# Here's one for Schwettylens In a format he will hopefully like! (Mountain Porn!)  ;)



## cgipson1 (Jun 8, 2012)

way too small to see well here.. but here goes:




Another take on the Walden Mountain by CGipson Photography, on Flickr


----------



## Robin Usagani (Jun 8, 2012)

Way better.  You must be crazy to think the other one is better.


----------



## cgipson1 (Jun 8, 2012)

Schwettylens said:


> Way better.  You must be crazy to think the other one is better.

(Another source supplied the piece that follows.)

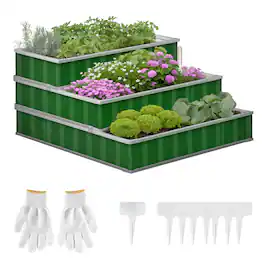 Outsunny - 3 Tier Raised Garden Bed Outdoor Metal Patio Planter Box with Gloves, 4' x 4' x 2' for Backyard - Green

The fact that I am crazy has never been up for debate! lol!  Glad you like it! lol!


----------



## cgipson1 (Jun 8, 2012)

I copied the shot to Flickr... that way you can see it better if you choose to:

Another take on the Walden Mountain by CGipson Photography, on Flickr

So is the OLD Photograph Framing too Hokey?  lol!


----------



## amolitor (Jun 9, 2012)

Formal composition is ok. I like the strong lines leading to the visual center. What I am not a big fan of is that the visual center is centered. Pushing it even slightly off to one side or the other would make the image a little more dynamic, to my eye. I'm not a "rule of thirds" fanatic, but it's a rare composition that really works with the critical bits centered up. If you clip just a trifle off the right hand side, for instance, the image suddenly becomes a set of echoed shapes in contrasting tones, with the pile of cloud echoing the mountain/slope on the left.

EDIT: The more I look at it, the more I am not sure. Maybe it is framed just right after all. I'm not quite feeling it, for some reason, but I'm not sure I've put my finger on why. It's still startling how different the image becomes with 10 percent chopped off the right, but I'm no longer sure that it's BETTER. It's just different.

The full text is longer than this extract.